De la Madrid still must run for the job, but it is a foregone conclusion that he will succeed; the P.R.I, has held a monopoly on political power in Mexico for 52 years. The real surprise was the stepped-up scheduling for Lopez Portillo's announcement, which may mean that the patrician author-statesman has come to realize that he is in deep political trouble. Despite a booming economy and 72 billion bbl. of proven oil reserves, Mexico has been spending money so fast that the country faces a balance of payments deficit of as much as $.10 billion this year. On the diplomatic front, Lopez Portillo greatly irritated the Reagan Administration in August when, along with France, Mexico recognized the Marxist insurgents in El Salvador as a "representative political force," implicitly undercutting U.S. support for that country's civilian-military regime.

In both economic and diplomatic terms, De la Madrid is an almost ideal antidote to Lopez Portillo's problems.

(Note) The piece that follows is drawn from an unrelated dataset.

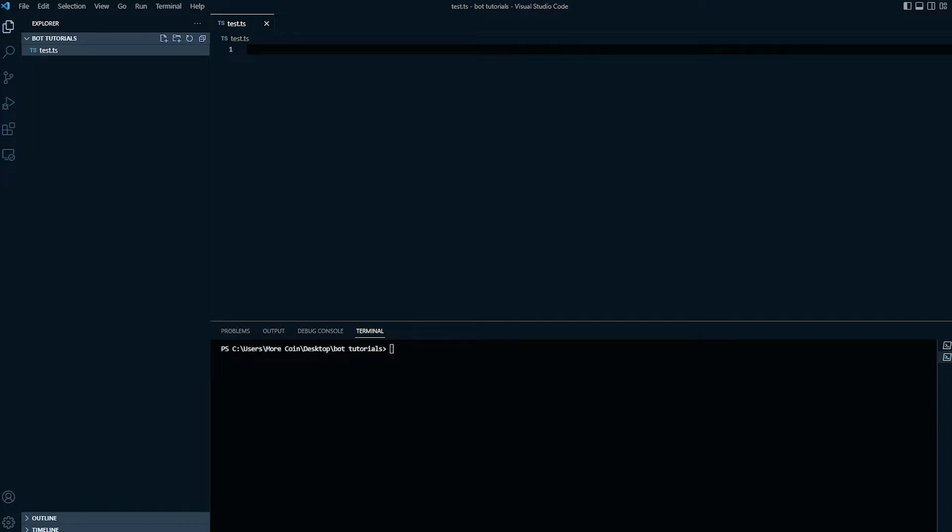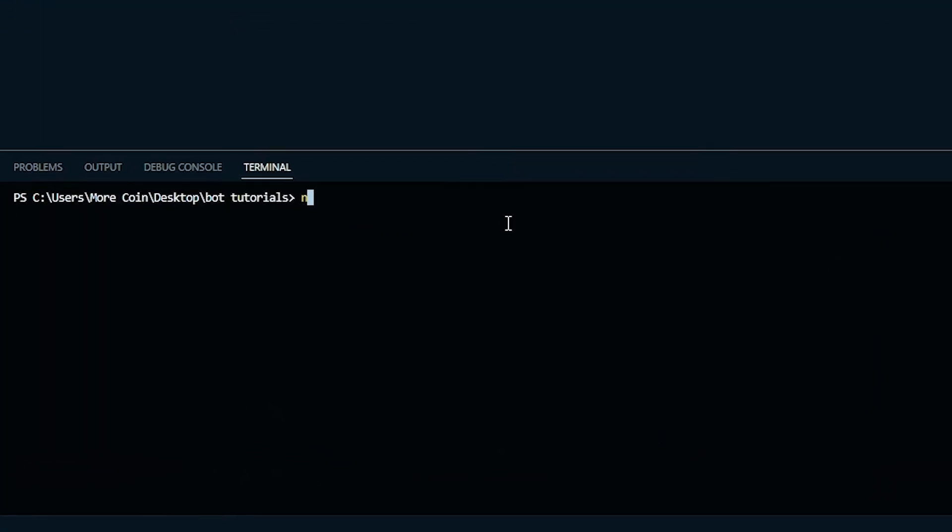Open up your editor and in the terminal type the following command: npm install -g typescript, then press enter.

Harvard educated, he is the chief author of Mexico's 20-year development plan and thus in a good position to ponder austerity measures. Well known and well liked by the U.S. embassy in Mexico City, he is considered unlikely to repeat Lopez Portillo's recent diplomatic wave making.

In his first public address, De la Madrid told a cheering, banner-waving throng that his chief task will be to "choose the correct route that benefits the Mexican people." As Lopez Portillo has discovered, even with the advantages of oil wealth, that is not always easy.